Results of seeding Rat-1 fibroblasts in new and reconditioned (up to 5 times) plates.

Results
Reconditioned plates supported cell growth comparable to new plates across all measured parameters. Cell viability averaged 93% in new plates and ranged from 81% to 98% across reconditioning cycles. Confluence averaged 87% in new plates and 83–93% in reconditioned plates. Individual cell area averaged 889 μm² in new plates and 798–898 μm² in reconditioned plates, while aspect ratios were nearly identical between conditions. Microscopy images showed no apparent differences in cell morphology or distribution between new and plates reconditioned up to five times. No statistically significant differences were observed for any of these parameters.
Variability was consistent across both new and reconditioned plates, and did not affect the overall conclusion: the reconditioning process had no significant impact on plate surface performance. Our process therefore allows the use of consumables that are reconditioned up to five times for cell passaging and seeding. Note that this conclusion applies to consumables with a chemical surface treatment, excluding those with a biological surface treatment, such as collagen-coated consumables.

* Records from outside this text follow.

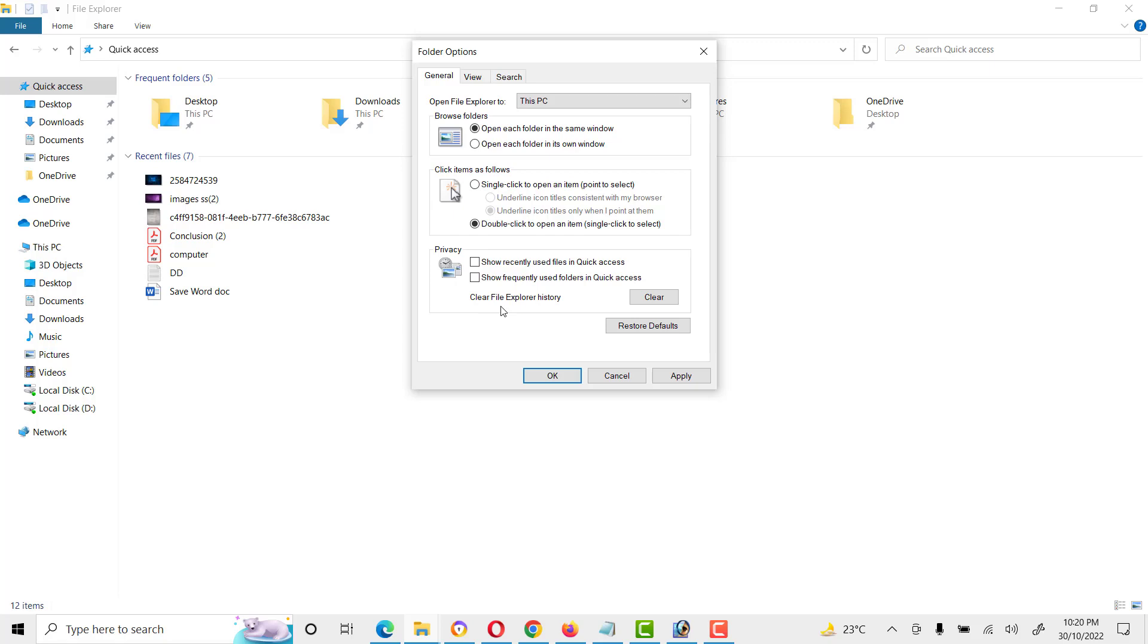To avoid this, we need to disable Quick Access. We need to uncheck both options: 'Show recently used files in Quick Access' and 'Show frequently used folders in Quick Access.'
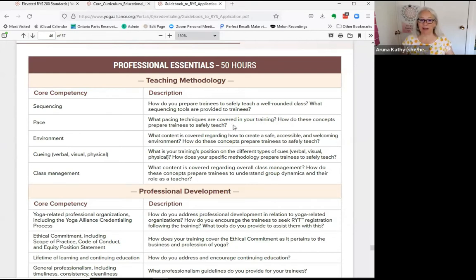When it comes to pacing, what pacing techniques are covered in your training? How do these concepts prepare trainees to teach safely? What content is covered regarding how to create a safe, accessible, and welcoming environment? When we sat down to write our manual, we had both been teaching for quite a while — you know about pacing, you know about environment. You've obviously created it to be a successful teacher.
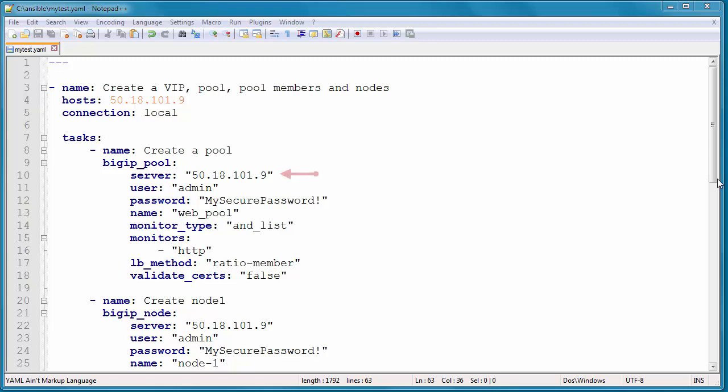The server is the BigIP address. The user and password are for accessing the BigIP. Then I give it the name of the pool, and I tell it I want to use ratio member load balancing and HTTP monitor, and then validate certs false means don't validate SSL certificates for now.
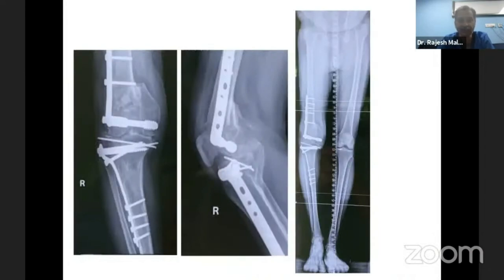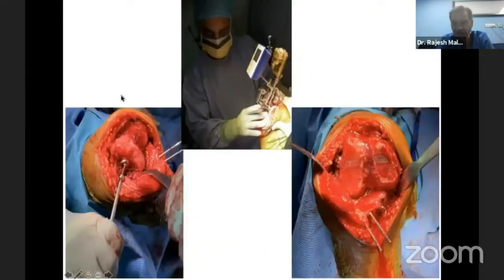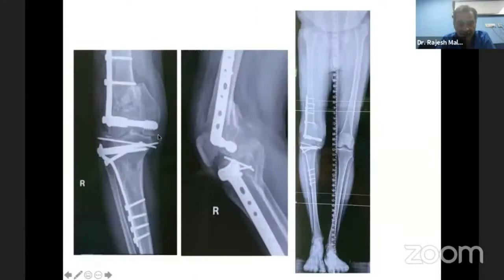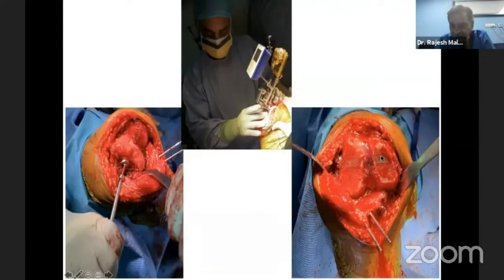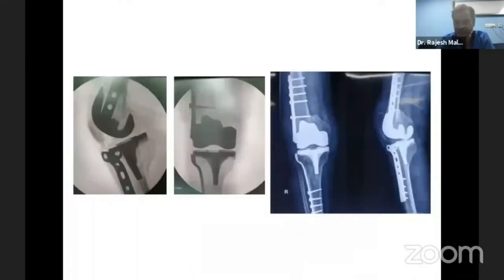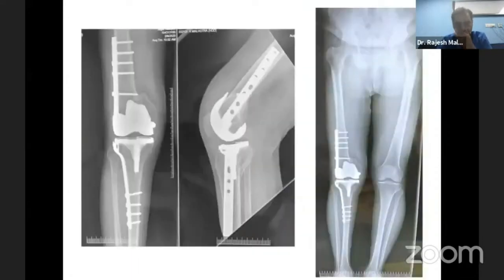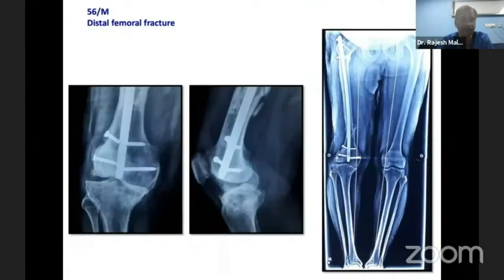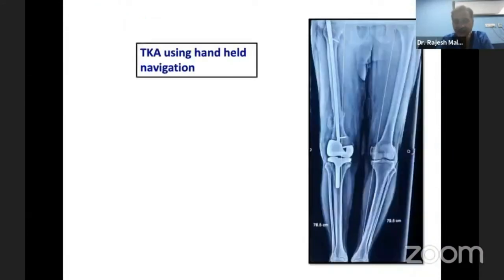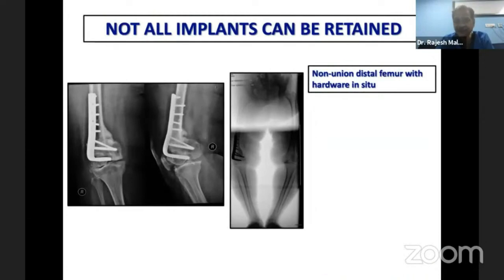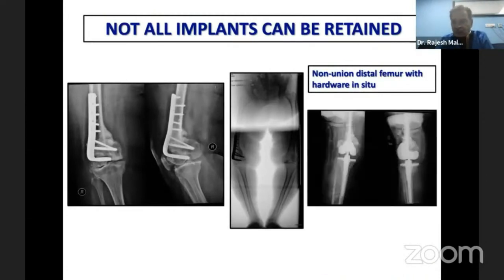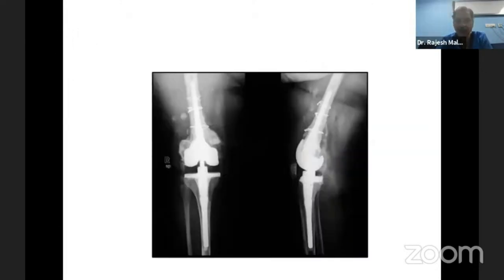Another case had a severe fracture that was fortunately united. I could see approximately nine millimeters of bone, so I didn't think the hardware would come in the way. On the distal femoral cut you can just see the threads of the dynamic hip screw. Using handheld navigation, good alignment was achieved in about 45 minutes without making the surgery overly complicated. In a 56-year-old male with a distal femoral fracture that was nailed, the nail could not be removed. I used handheld navigation and performed the replacement without removing the nail. Not all implants can be retained — in a distal femoral non-union with hardware in situ, everything must be removed and a hinge implant may be needed.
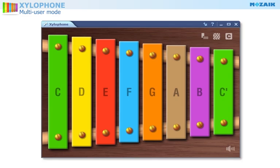Several users can play the instrument at the same time using a multi-touch device — for example, an interactive board.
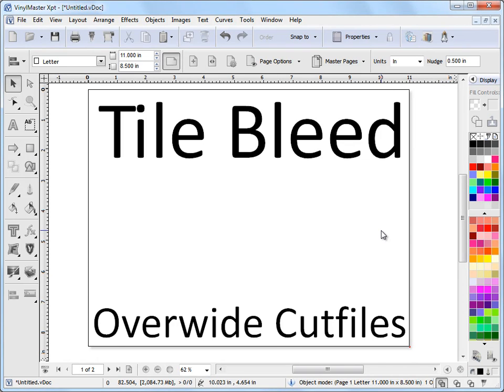In this lesson, I'm going to show you how to deal with artwork which is physically wider than the vinyl that you have loaded into your vinyl cutter or to your plotter. In other words, the artwork can't actually fit along the width of your vinyl that you've got loaded in.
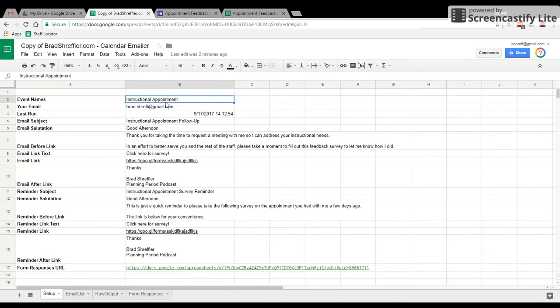Because what this is going to do is search your calendar and pull any events that match that search term. You also want to make sure your email address is listed here.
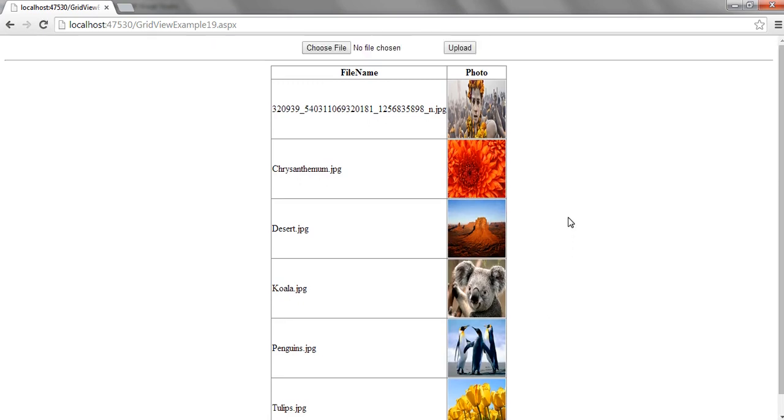So this tutorial was quite simple. Here we learned how to add an image to the images folder and show it in the GridView.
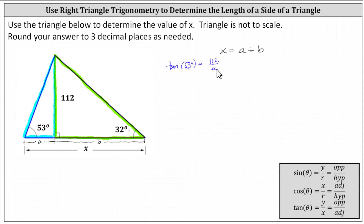Now focusing on the right triangle on the right, or the green right triangle, notice tangent 32 degrees equals, again, the ratio of the opposite side to the adjacent side, or 112 divided by b.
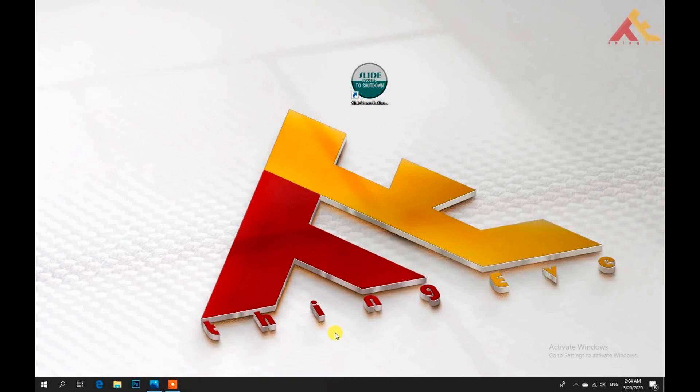Hi, good morning! In this YouTube channel, we are going to slide down the PC and shut down the PC.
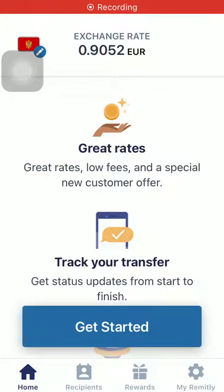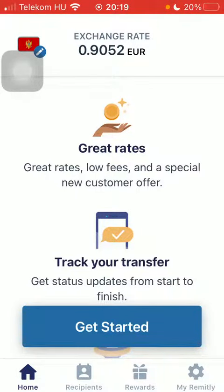Hello guys, in this video I'm going to show you how to send money from the United States to Morocco using the Mitli application. But first, don't forget to subscribe to my channel, because at a hundred thousand subscribers I'm going to show you my whole YouTube revenue statistics and growth strategy on how to make money online.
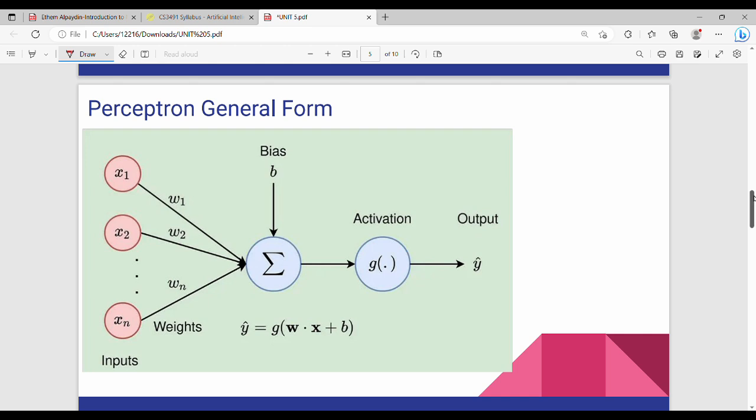Hi friends, welcome back. In this video, we will start with the general form of a neural network.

These findings are consistent with prior research. Trusler et al. showed that reusing culture vessels across multiple passages did not affect human pulmonary fibroblast morphology, proliferation, or viability (Front. Sustain., 2024). Similarly, Clancy et al. reported that reusing culture dishes in Xenopus laevis embryo experiments yielded comparable fertilization and survival rates relative to new dishes (Differentiation, 2023). Together, these results support the feasibility of reconditioning single-use labware without compromising experimental reliability.